The sovereign right of every nation to defend their values

Valerie Huber, president and founder of the Institute for Women’s Health (IWH), architected the Geneva Consensus Declaration in 2020 while serving as U.S. Special Representative for Global Women’s Health.

“The Geneva Consensus is an effective catalyst to foster meaningful progress in women’s health on a global scale — a rare safe haven for nations that deeply value health, life, and family.
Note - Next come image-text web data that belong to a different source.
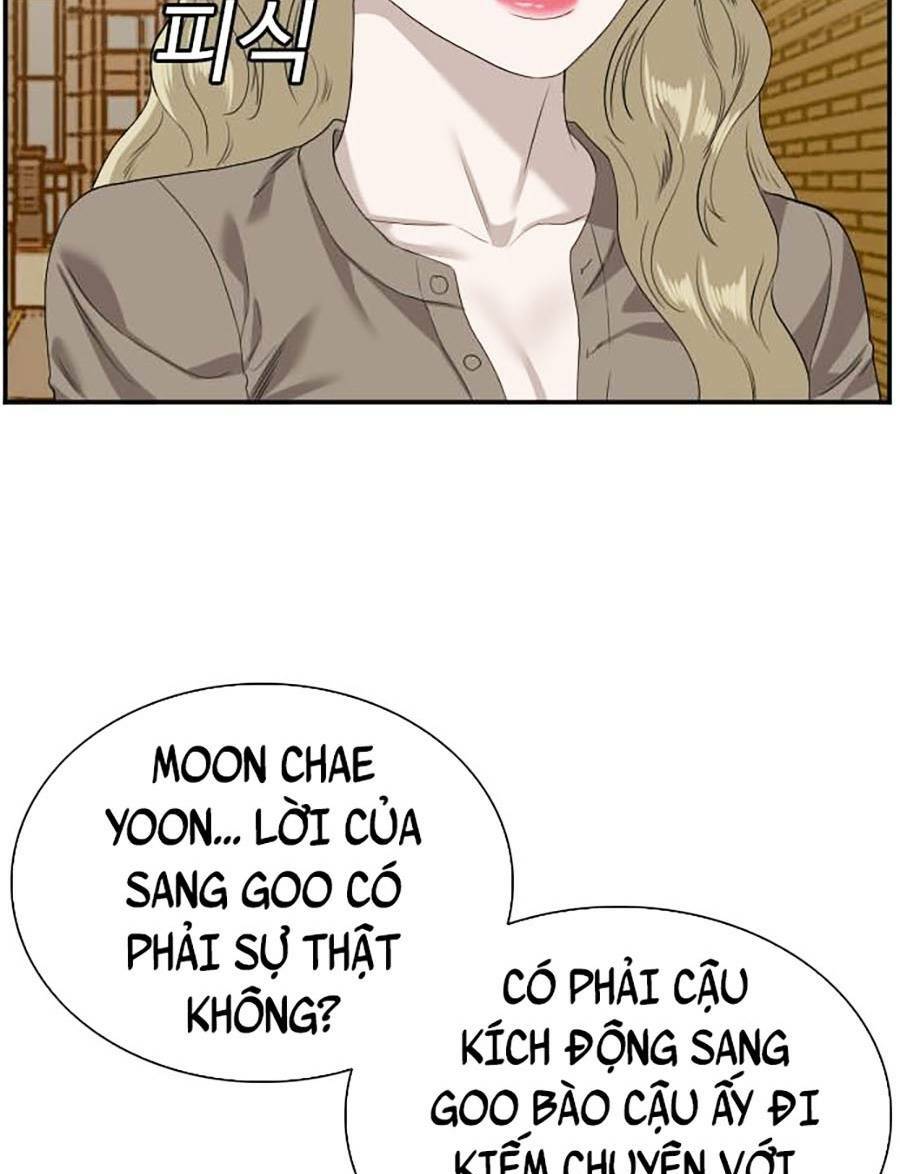 Chương 95 - Trang 115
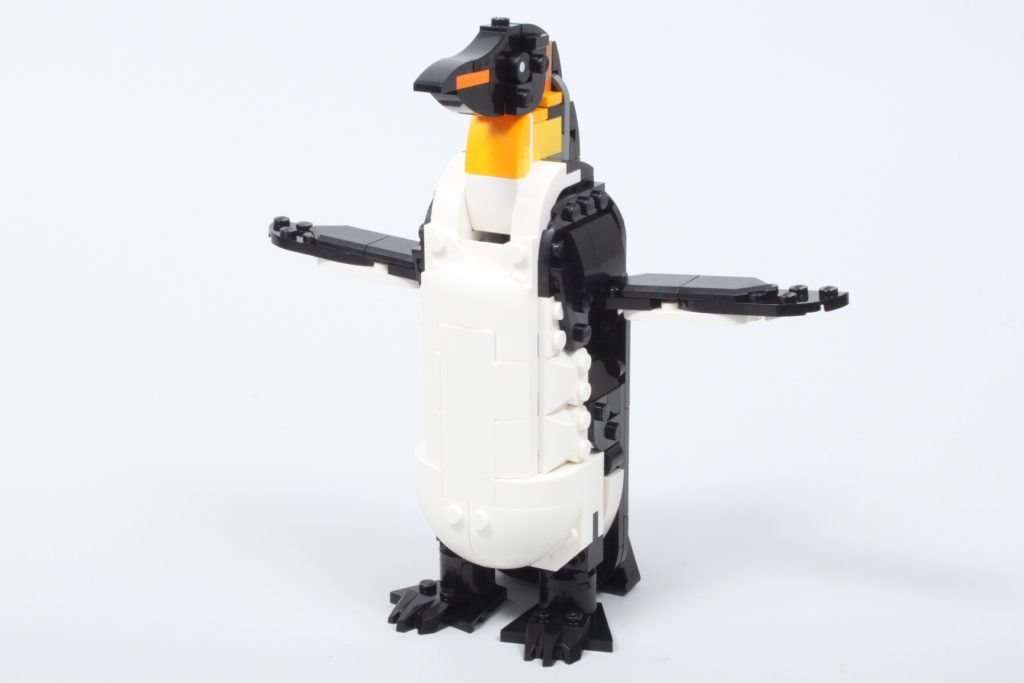 lego creator 31165 panda family review 17 1024x683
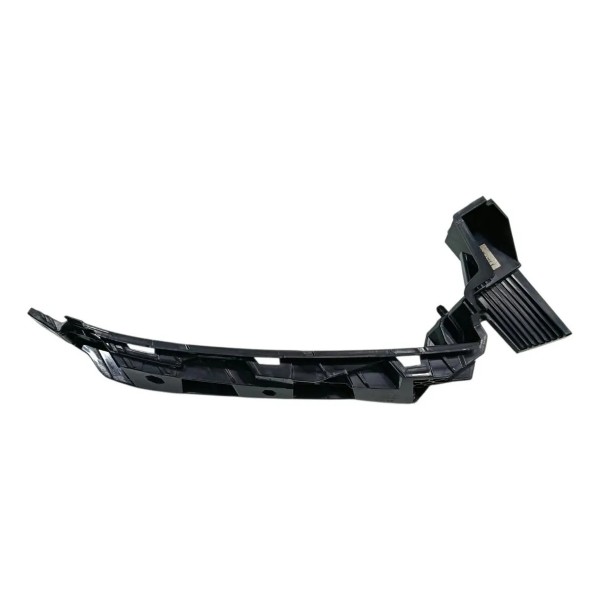 Suporte Parachoque Dianteiro Direito Chery Tiggo 7 1.5 2024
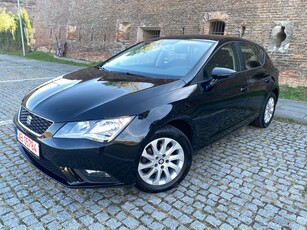 Seat Leon 1.2 TSI Start&Stop Style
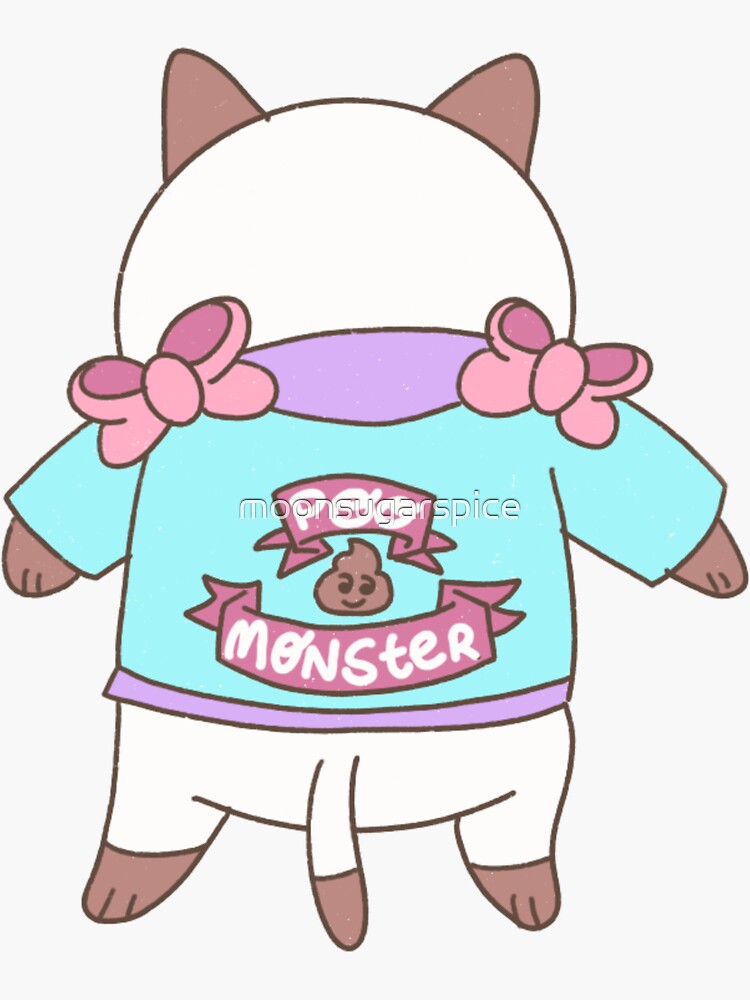 Top 129+ puppycat leather jacket latest jtcvietnam.edu.vn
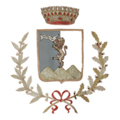Comune di Grisolia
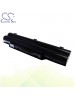 CS Battery for Fujitsu FMV-BIBLO MG55SN / AH52/GA / AH530 Battery L-FU8310NB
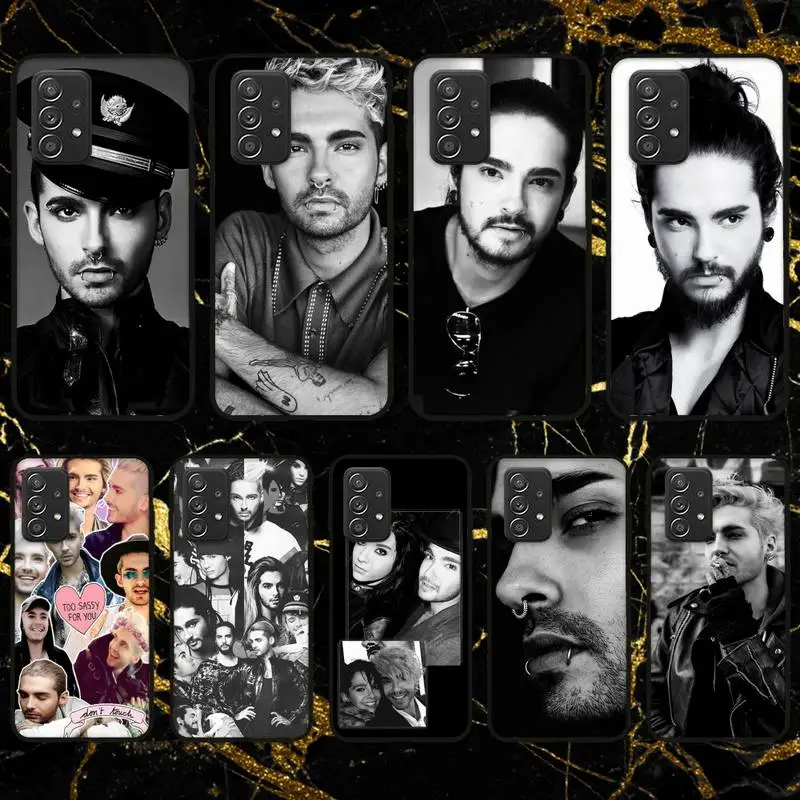 Чехол для телефона Samsung Galaxy S10 S20 S21 Note10 20Plus |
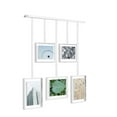 thumbnail image 1 of Exhibit Photo Display White, 1 of 3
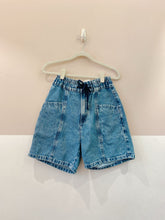 Short jeans Le Lis Blanc 38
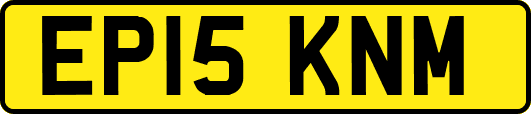 EP15KNM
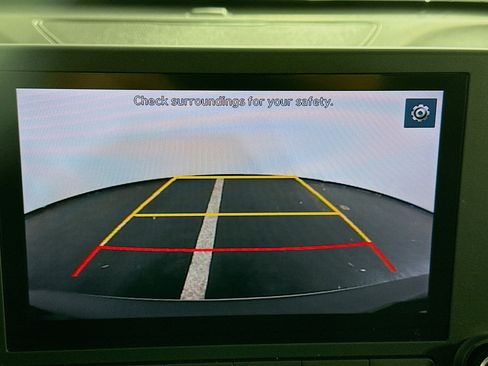 Used 2023 Hyundai Kona SEL image 22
This growing coalition of nations stands together against the false narratives that conflate ideology with genuine health gains for women,” Huber said. “Authentic gains for women, girls and the family should be a unifying priority of everyone, everywhere — regardless of cultural, economic, religious, or governmental differences.”

“Without question, this coalition is more important than ever before,” Huber said. “Today, we stand in solidarity around shared priorities … to see the health of women and girls improve around the world, to affirm the family as foundational to every healthy society, to glare there is no international right to abortion — it’s up to the country to decide for themself — and to defend the sovereign right of every nation to defend those values.”

The GCD reaffirms “the inherent dignity and worth of the human person” and that “every human being has the inherent right to life.”

Governments that sign on to the GCD commit to “enable women to go safely through pregnancy and childbirth and provide couples with the best chance of having a healthy infant” and emphasize that “in no case should abortion be promoted as a method of family planning.”

The 36 co-signing countries:

  • Kingdom of Bahrain
  • Republic of Belarus
  • Republic of Benin
  • Burkina Faso
  • Republic of Cameroon
  • Democratic Republic of the Congo
  • Republic of the Congo
  • Republic of Djibouti
  • Arab Republic of Egypt
  • Kingdom of Eswatini
  • Republic of Gambia
  • Georgia
  • Republic of Guatemala
  • Republic of Haiti
  • Hungary
  • Republic of Indonesia
  • Republic of Iraq
  • Republic of Kazakhstan
  • Republic of Kenya
  • State of Kuwait
  • State of Libya
  • Republic of Nauru
  • Republic of Niger
  • Sultanate of Oman
  • Islamic Republic of Pakistan
  • Republic of Paraguay
  • Republic of Poland
  • Republic of Qatar
  • Russian Federation
  • Kingdom of Saudi Arabia
  • Republic of Senegal
  • Republic of South Sudan
  • Republic of Sudan
  • Republic of Uganda
  • United Arab Emirates
  • Republic of Zambia

During the third anniversary gathering, Valerie Huber announced that the Republic of Chad would be joining the GCD coalition.

In addition to the United States, the newly elected leaders of Columbia and Brazil removed their countries from the Declaration.

The commemoration was co-hosted by the H.E. Szabolcs Takács, ambassador of Hungary; H.E. Alfonso Quiñónez, ambassador of Guatemala; H.E. Rosan Roeslani, ambassador of Indonesia, and the Republic of Uganda.